Statistical Inference for Quasi-Infinitely Divisible Distributions via Fourier Methods
Vladimir Panov, Anton Ryabchenko
TL;DR
The paper develops a Fourier-based statistical framework for quasi-infinitely divisible distributions, extending the Lévy–Khintchine representation to signed measures and enabling semiparametric inference for mixtures of a normal component with an extra QID tail. It proves that, for subfamilies with supersmooth nonparametric parts, key parameters ($\sigma$, $\lambda^*$, $\gamma^*$) converge at polynomial rates, and the nonparametric density component can be estimated with a related polynomial rate. A four-step estimation procedure is proposed for the parametric part, together with kernel-based recovery of the continuous component, and the authors validate the method through numerical studies on two-component normal mixtures, a Bart Simpson-like distribution, and a Student–normal convolution model. The results show favorable performance in large samples and provide a principled alternative to EM in certain QID settings, supporting practical deployment in statistical inference for non-ID models with quasi-Lévy structure.
Abstract
This study focuses on statistical inference for the class of quasi-infinitely divisible (QID) distributions, which was recently introduced by Lindner, Pan and Sato (2018).
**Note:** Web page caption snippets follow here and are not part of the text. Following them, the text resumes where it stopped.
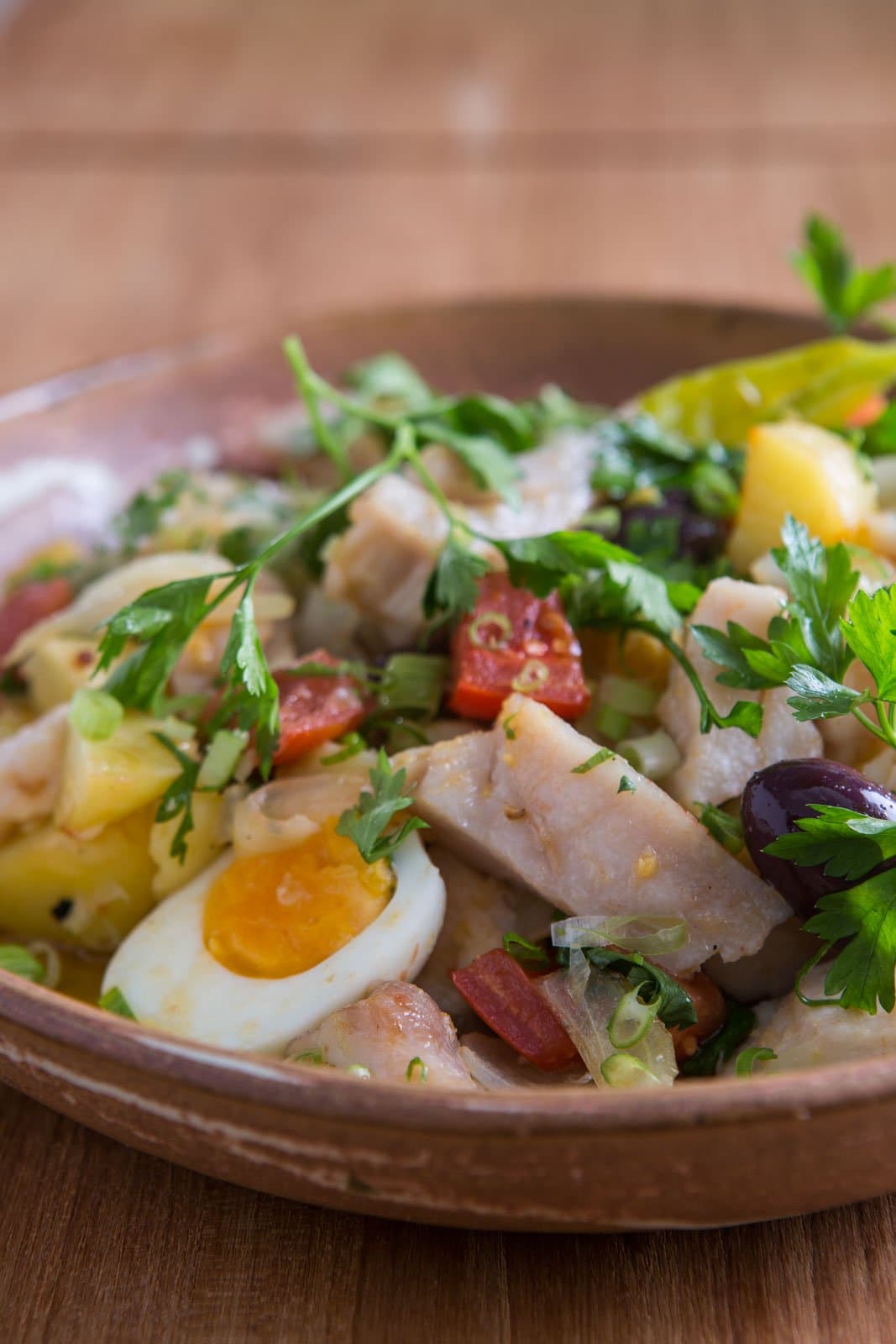 Comfort food with roots, served in the kind of bowl that tells you the cook means business. Photo: Rjcastilho A rustic clay bowl filled with flaked salted cod, boiled potato chunks, halved hard-boiled egg, dark olives, chopped parsley, spring onion, and diced red sausage, served on a wooden table during a luxury Pantanal and Amazon trip
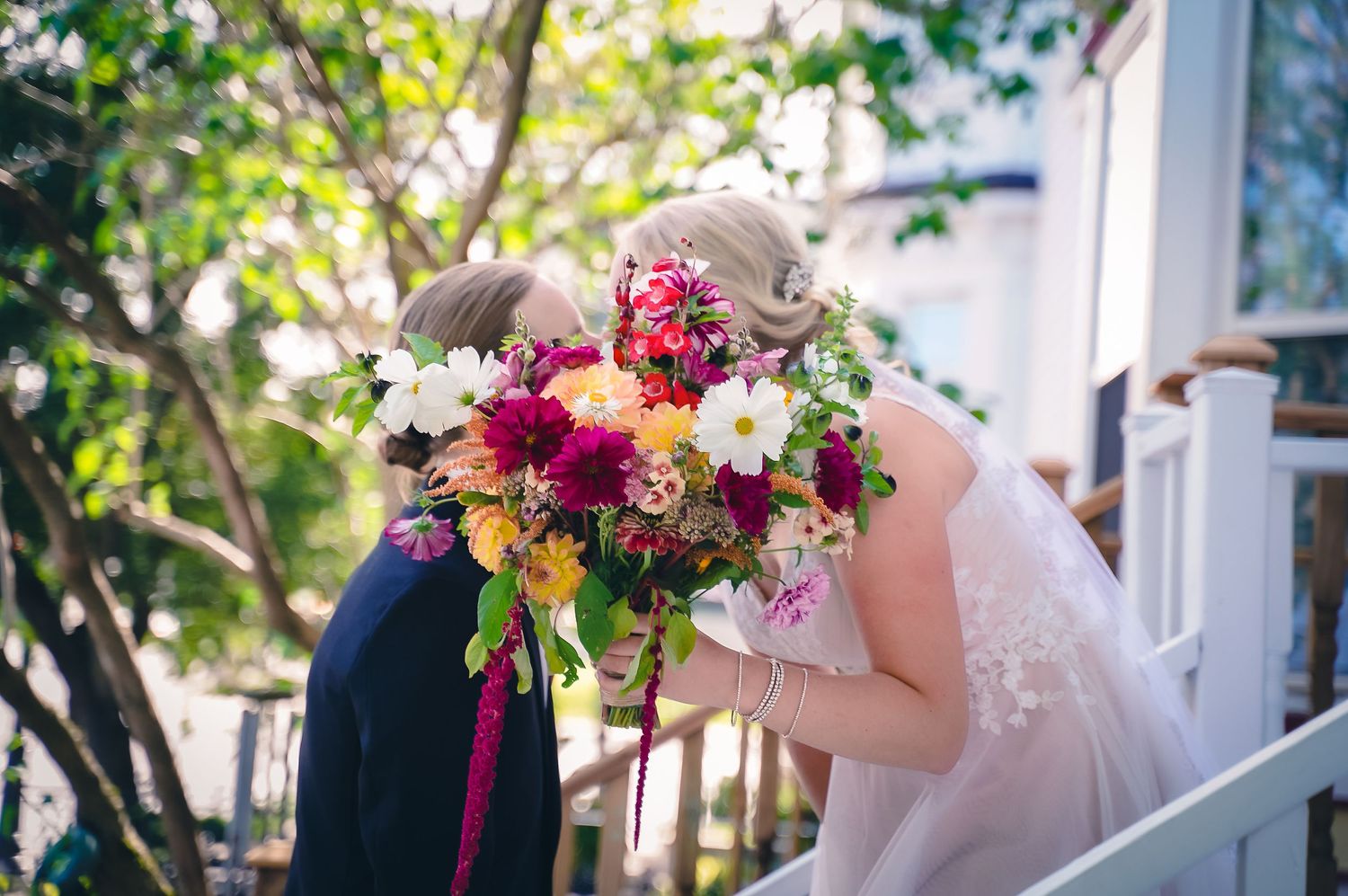 A unique first look idea with love and flowers on stairs in downtown St. John's, by the top wedding photographer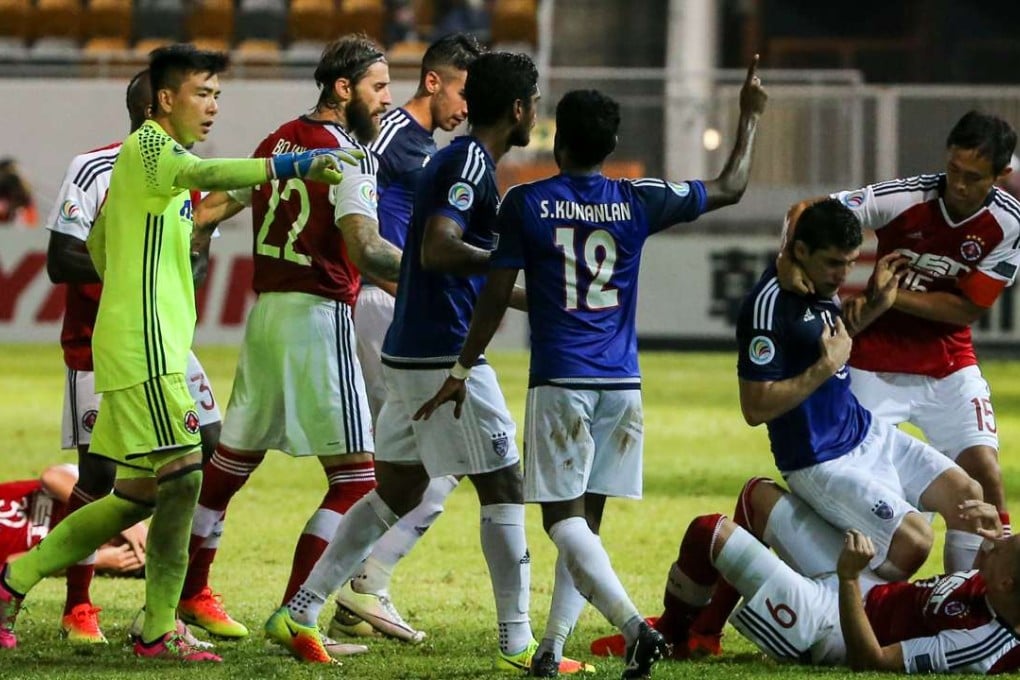Players, including South China captain Chan Wai-ho, clash during the first leg. Photos: Sam Tsang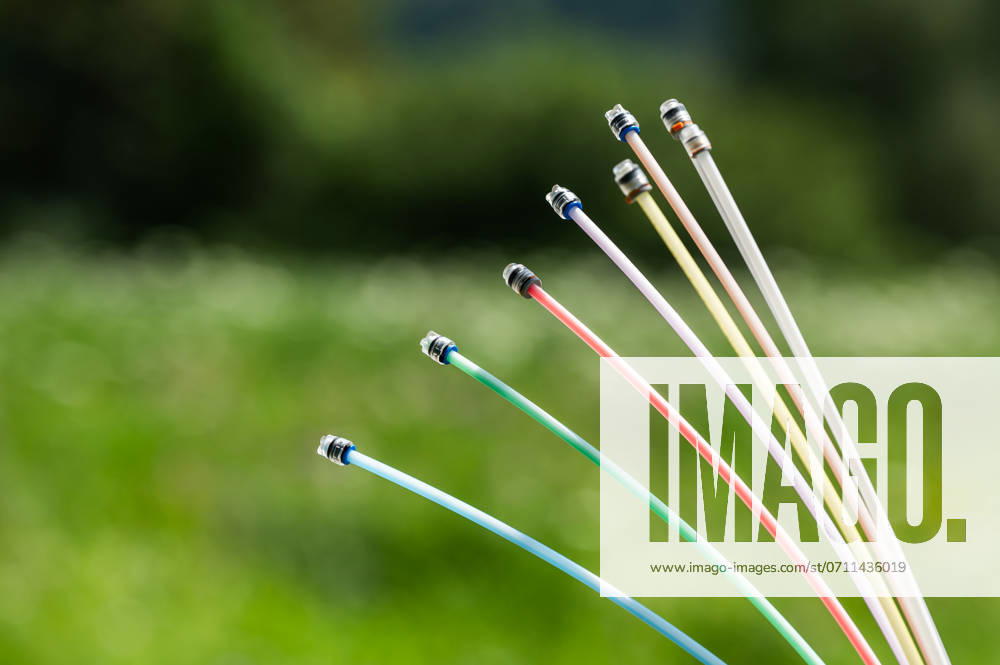 Fiber optic cable with various connections protruding from the ground near a residential area near Rottweil at a construction site Rottweil Baden Württemberg Germany
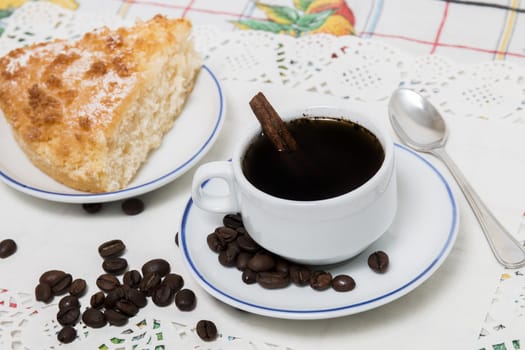 Close view of breakfast with coffee and a piece of coconut cake.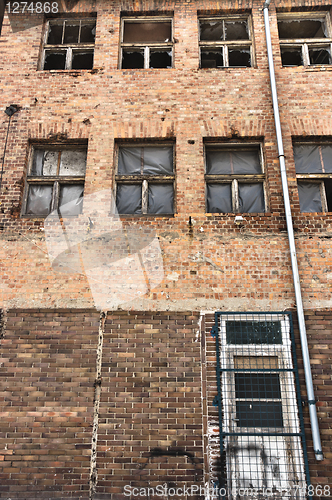 Image of Angle shot of an abandoned industrial building with brick wall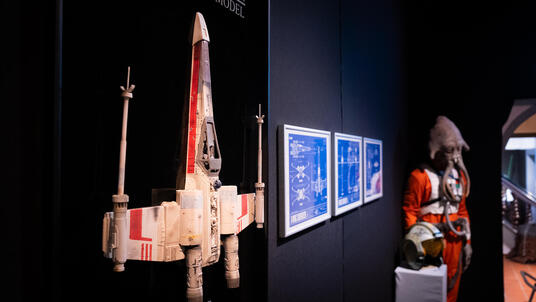 Das Bild zeigt von links nach rechts ein rot-weißes Raumschiff, drei Bilder, die an der Wand hängen und eine Figur im roten Kostüm.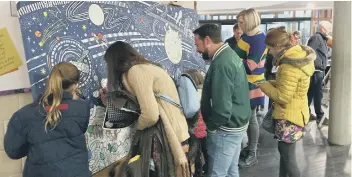  ?? PICTURE BY CHARLIE HELLEWELL ?? The colouring wall at the South Downs Centre proved popular with visitors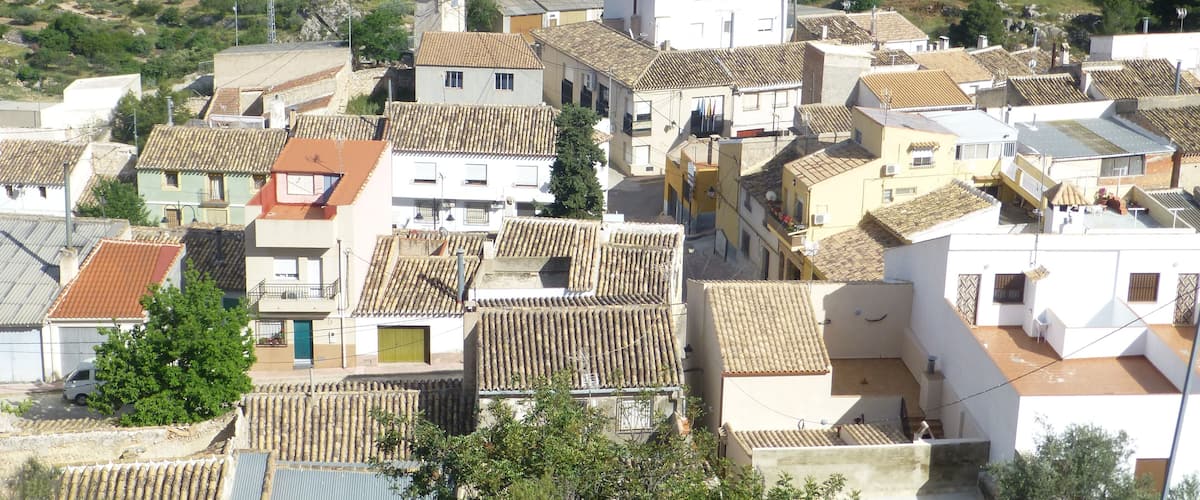 A coastal village with terracotta-roofed buildings, a rocky hillside, and a clear view of the sea.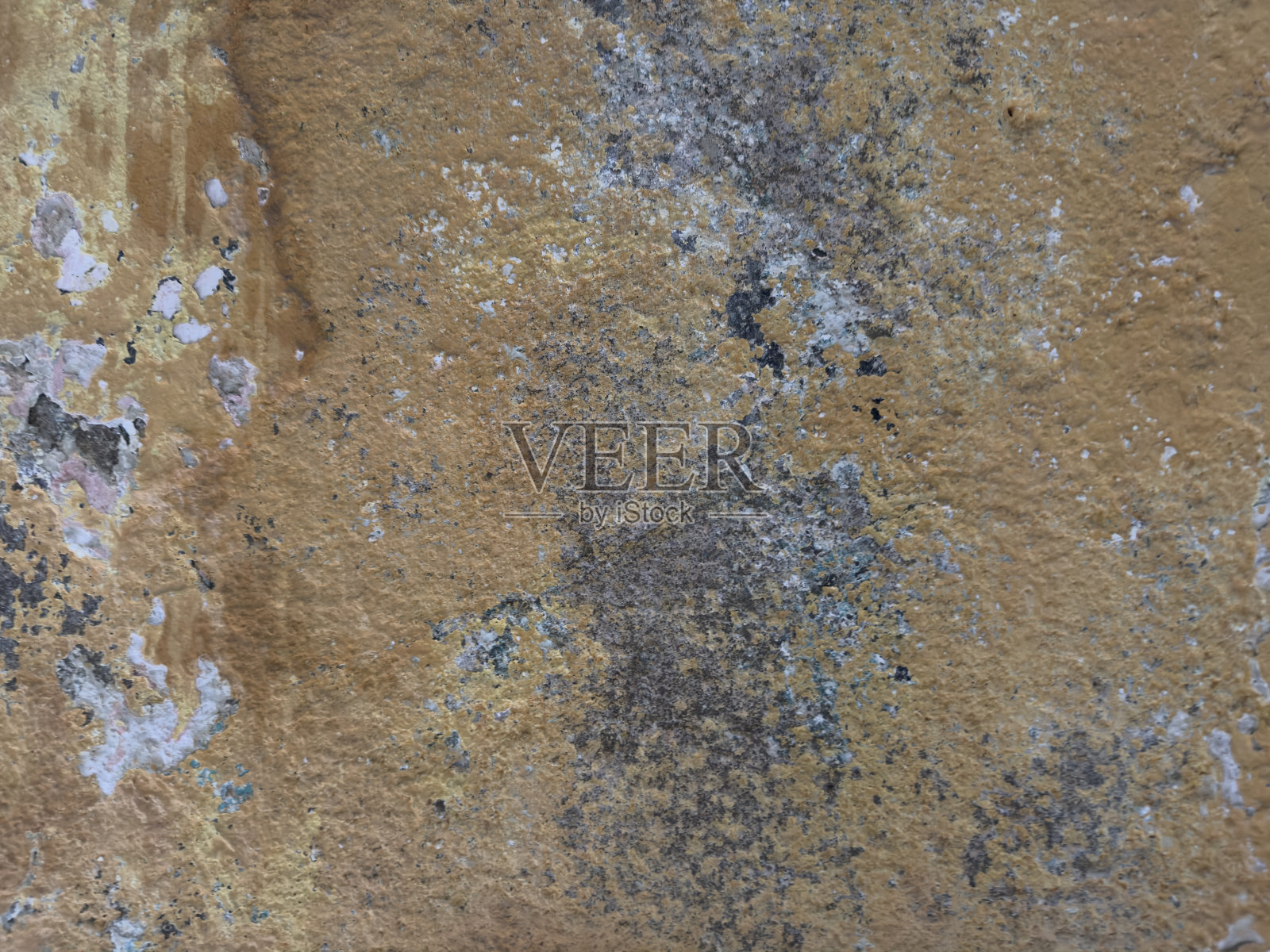 抽象的，细节的，图案的一段多色剥落的油漆层在一个古老的石头外墙。没有人。火鸡。照片摄影图片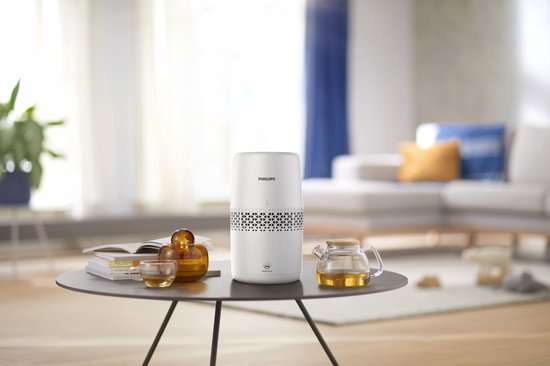 Une femme lit dans un fauteuil suspendu dans un salon lumineux, avec un humidificateur d'air blanc sur une table d'appoint.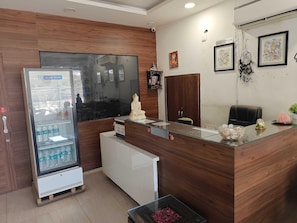 A reception area with a glass counter, a refrigerator, a wooden cabinet, and a reception sign.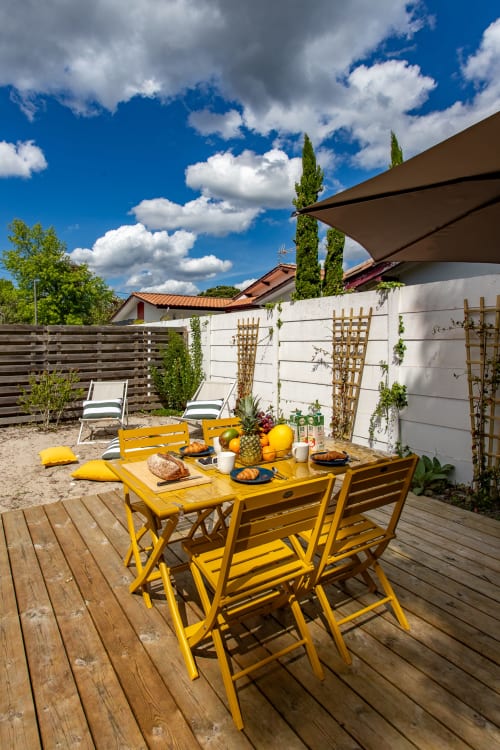 Salle à manger jaune en plein air sur terrasse en bois à la villa La Palombière à Andernos-les-Bains, avec mets et centre de table en ananas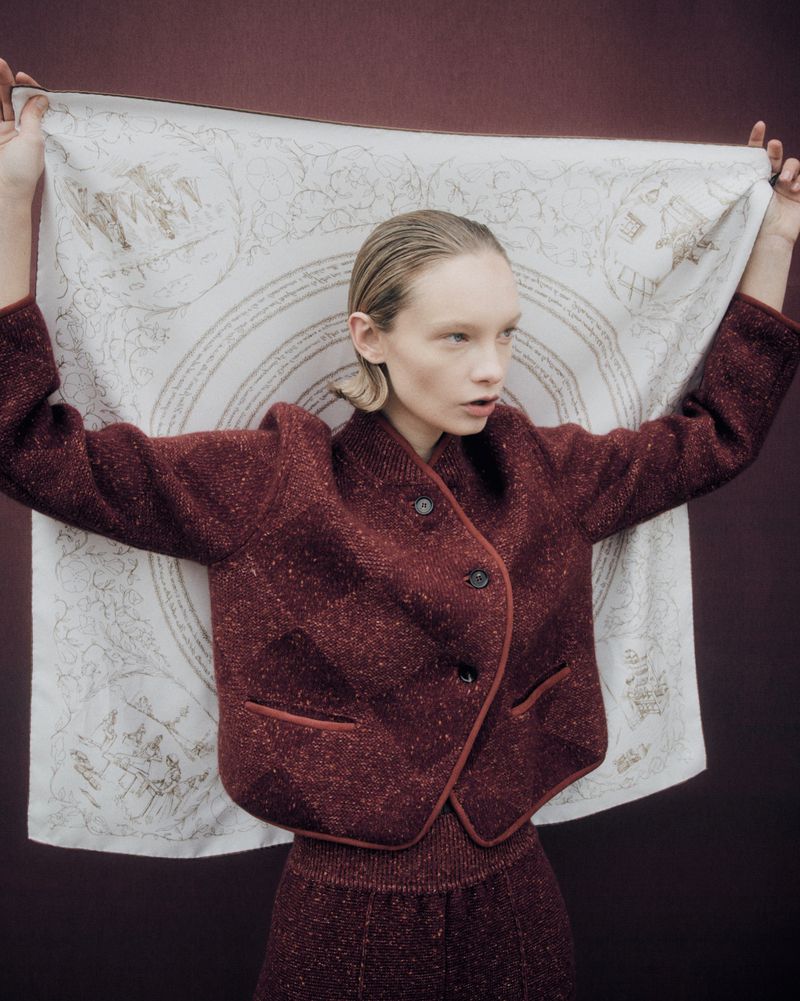 Fashionable woman in a maroon jacket holds a patterned scarf indoors, creating a stylish portrait with a muted backdrop.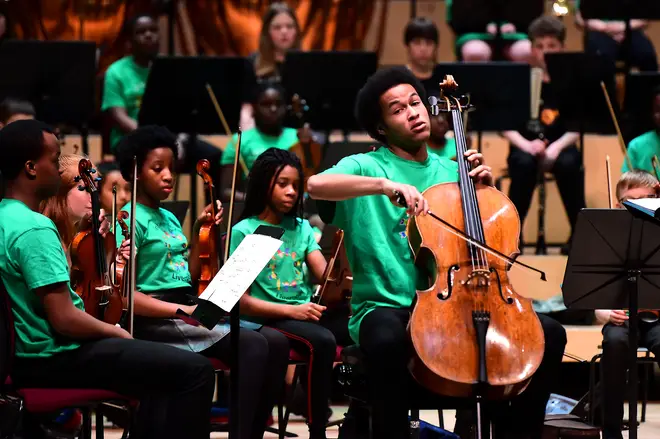 Sheku Kanneh-Mason performs on stage at the In Harmony 10th Anniversary Concert at the Philharmonic Hall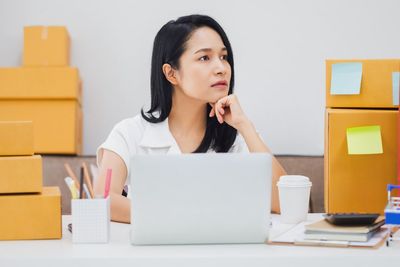 Young woman using mobile phone while sitting on table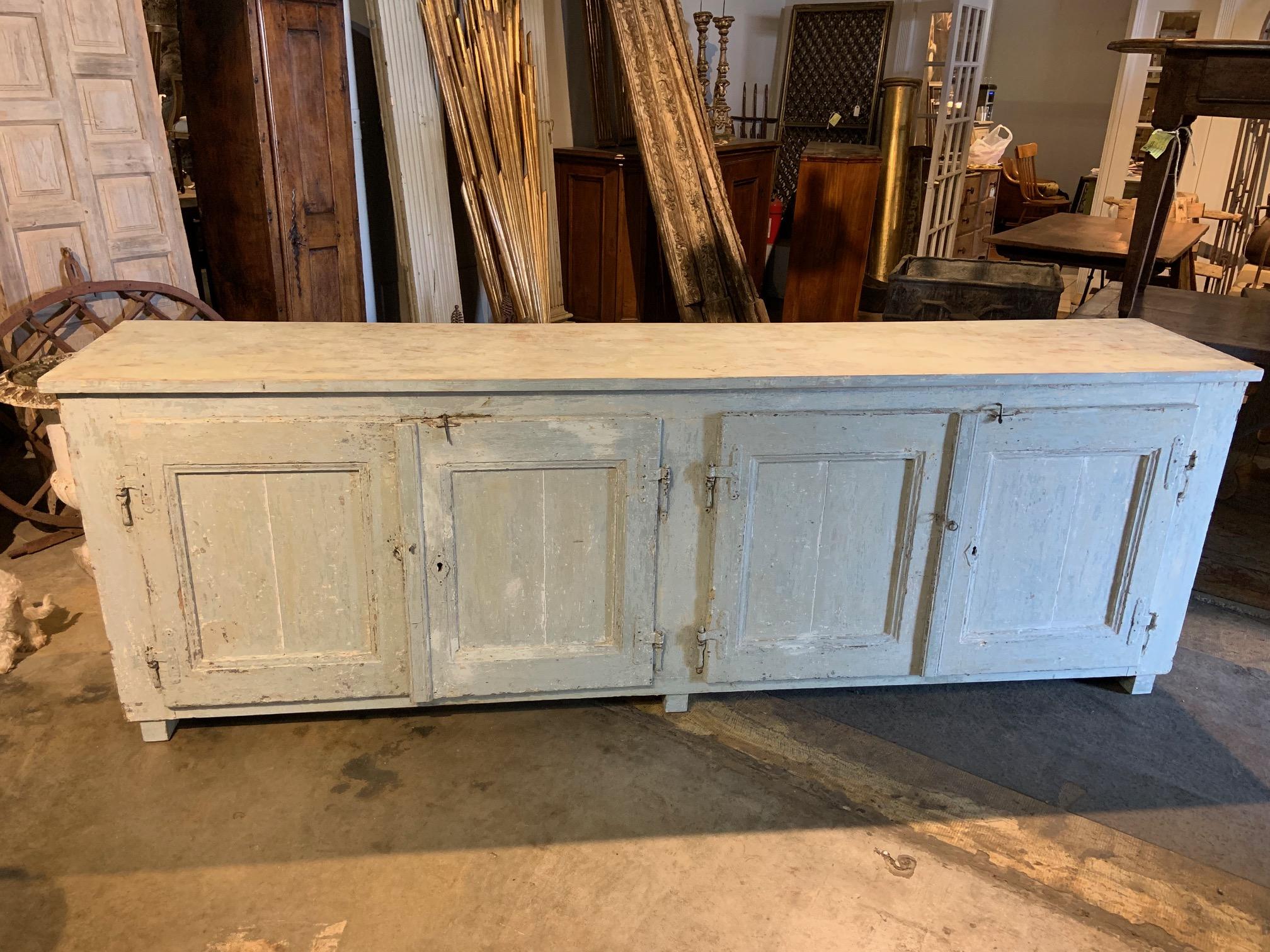 A very handsome Primitive credenza from Northern Italy. Soundly constructed from painted wood. Super patina. A terrific storage piece for any casual living area.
The paper presents a Fourier approach, based on the analogue of the L{é}vy-Khintchine theorem with a signed spectral measure. We prove that for some subclasses of QID distributions, the considered estimates have polynomial rates of convergence. This is a remarkable fact when compared to the logarithmic convergence rates of similar methods for infinitely divisible distributions, which cannot be improved in general. We demonstrate the numerical performance of the algorithm using simulated examples.